> _Task instructions_
Among the lines below, the one containing "Navy blue baseball" opens the range and the one containing "Tropical seamless pattern." closes it. Print that range exactly, without the pictures.

> _Supplied material_

# # # # # # #

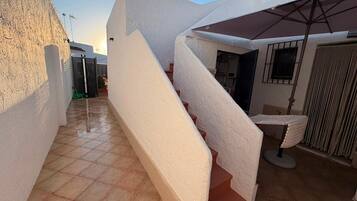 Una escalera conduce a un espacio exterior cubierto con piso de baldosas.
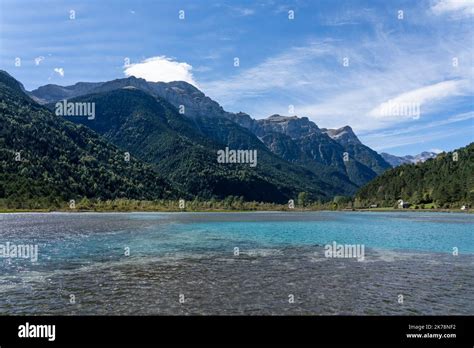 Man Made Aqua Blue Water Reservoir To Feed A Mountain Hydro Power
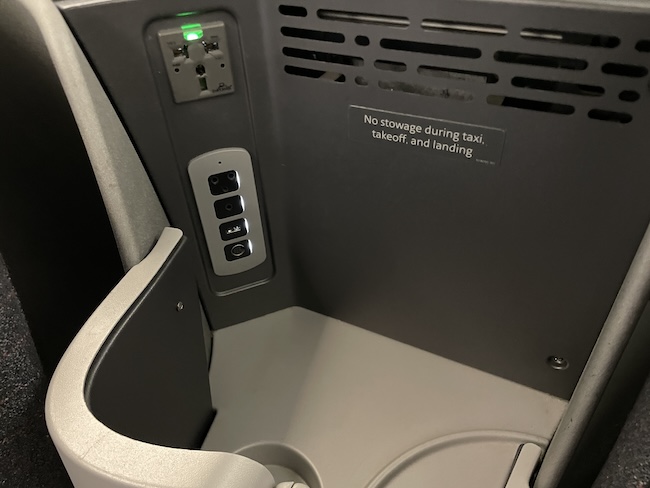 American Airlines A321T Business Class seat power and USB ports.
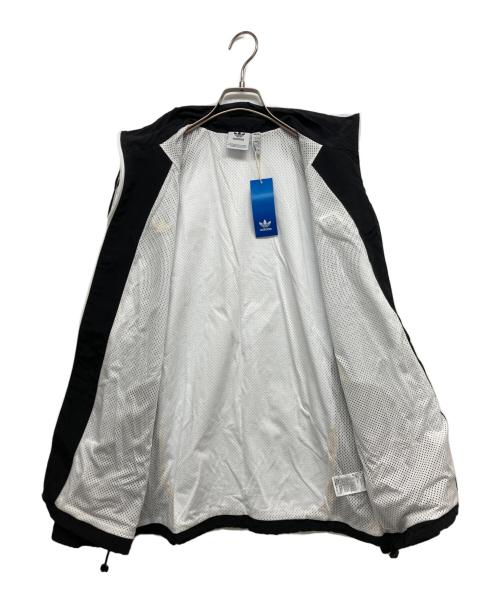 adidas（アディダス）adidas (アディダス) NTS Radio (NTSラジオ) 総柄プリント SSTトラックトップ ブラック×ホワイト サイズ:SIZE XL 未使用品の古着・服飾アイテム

# # # # # # #

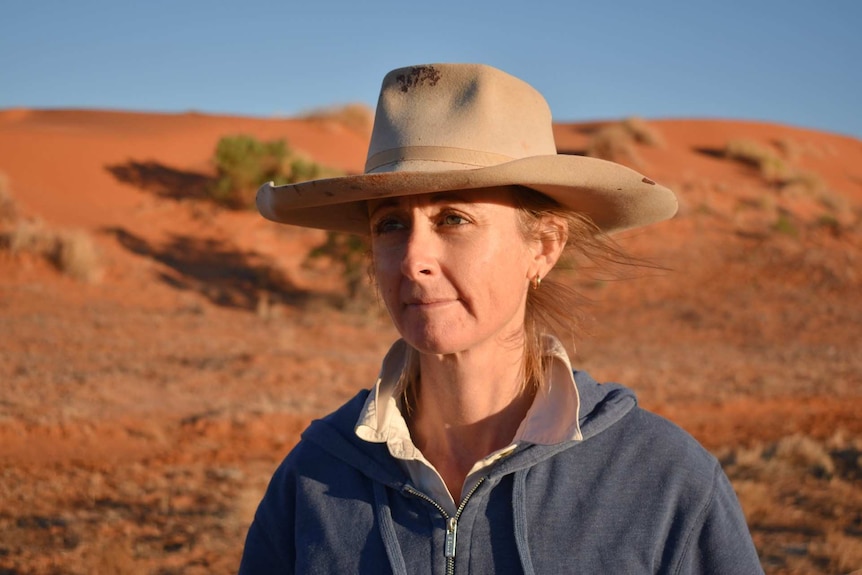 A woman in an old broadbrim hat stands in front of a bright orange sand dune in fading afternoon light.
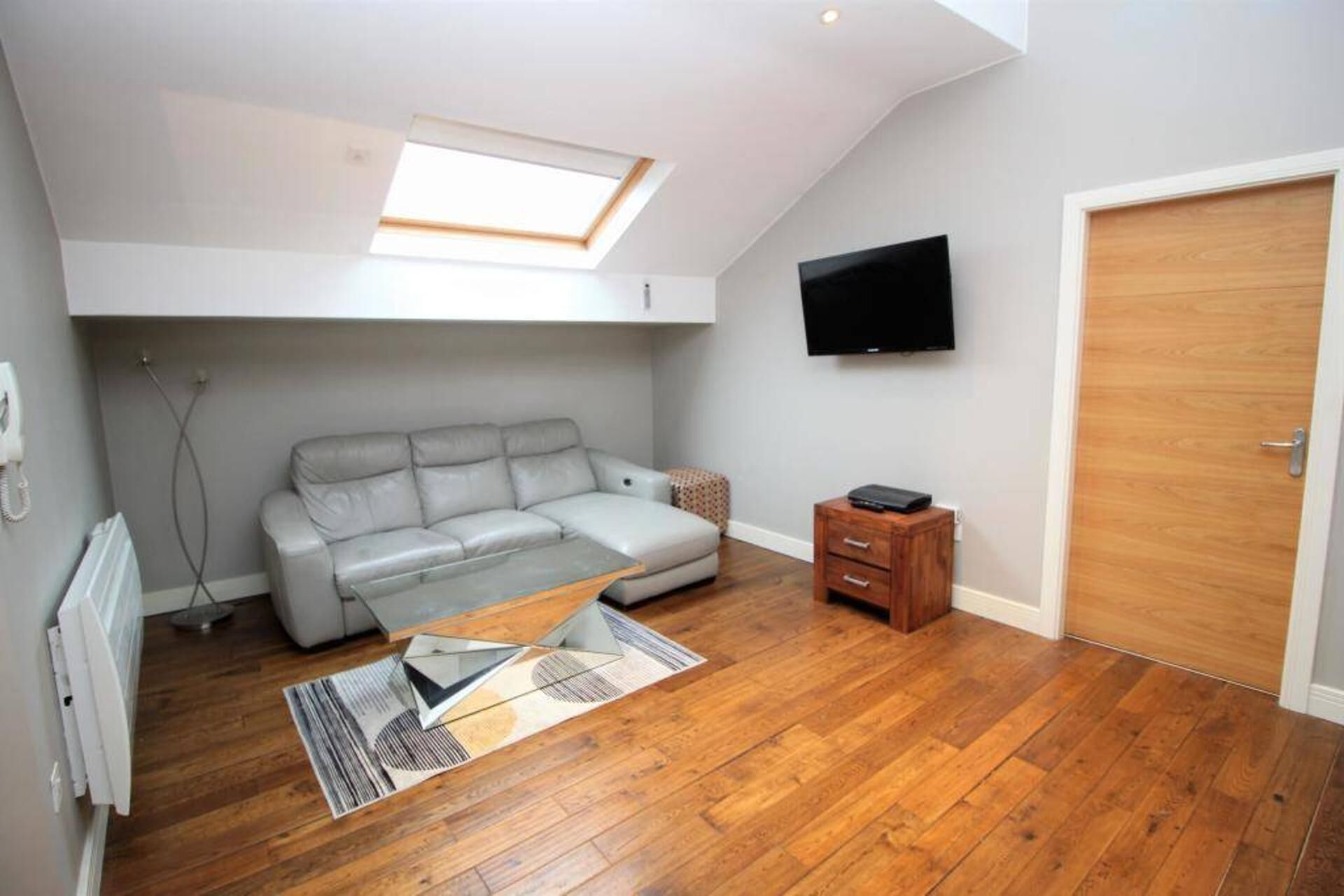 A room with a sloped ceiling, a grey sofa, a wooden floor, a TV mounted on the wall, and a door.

# # # # # # #

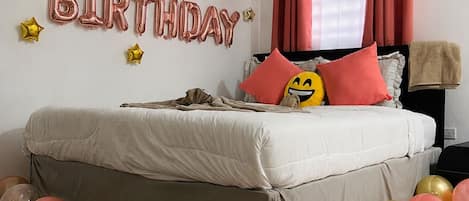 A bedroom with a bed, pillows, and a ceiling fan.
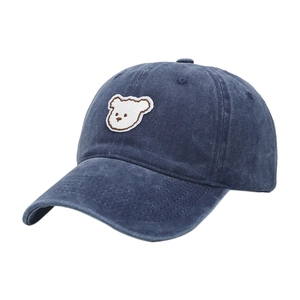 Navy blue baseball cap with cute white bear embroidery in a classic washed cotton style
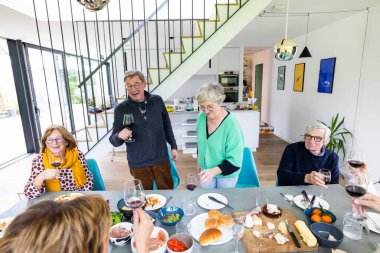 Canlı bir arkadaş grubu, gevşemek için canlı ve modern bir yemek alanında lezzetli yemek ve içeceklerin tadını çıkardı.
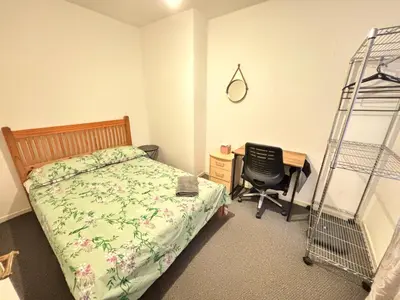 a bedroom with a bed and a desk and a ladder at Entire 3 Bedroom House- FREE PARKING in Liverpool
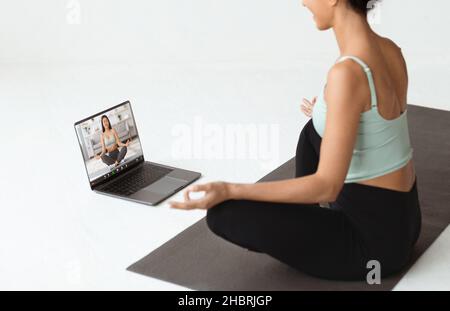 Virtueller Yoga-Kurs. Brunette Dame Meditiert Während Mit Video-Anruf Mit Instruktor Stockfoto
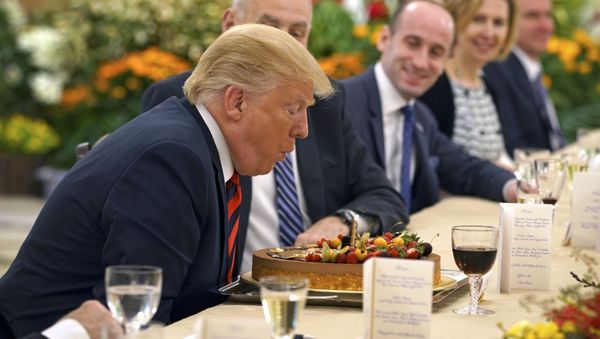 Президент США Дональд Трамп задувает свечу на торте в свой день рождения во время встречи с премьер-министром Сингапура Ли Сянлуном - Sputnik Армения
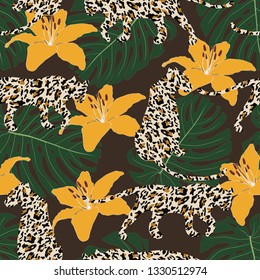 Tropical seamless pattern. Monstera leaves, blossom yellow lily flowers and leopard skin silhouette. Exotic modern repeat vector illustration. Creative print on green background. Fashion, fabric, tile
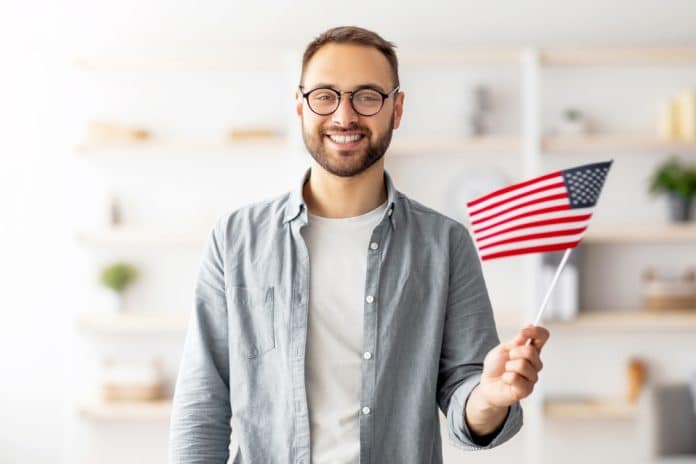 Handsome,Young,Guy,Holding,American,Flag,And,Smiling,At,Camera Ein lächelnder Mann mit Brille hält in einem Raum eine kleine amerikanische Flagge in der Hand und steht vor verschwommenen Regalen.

# # # # # # #

> _Solution below_
 Navy blue baseball cap with cute white bear embroidery in a classic washed cotton style
 Canlı bir arkadaş grubu, gevşemek için canlı ve modern bir yemek alanında lezzetli yemek ve içeceklerin tadını çıkardı.
 a bedroom with a bed and a desk and a ladder at Entire 3 Bedroom House- FREE PARKING in Liverpool
 Virtueller Yoga-Kurs. Brunette Dame Meditiert Während Mit Video-Anruf Mit Instruktor Stockfoto
 Президент США Дональд Трамп задувает свечу на торте в свой день рождения во время встречи с премьер-министром Сингапура Ли Сянлуном - Sputnik Армения
 Tropical seamless pattern. Monstera leaves, blossom yellow lily flowers and leopard skin silhouette. Exotic modern repeat vector illustration. Creative print on green background. Fashion, fabric, tile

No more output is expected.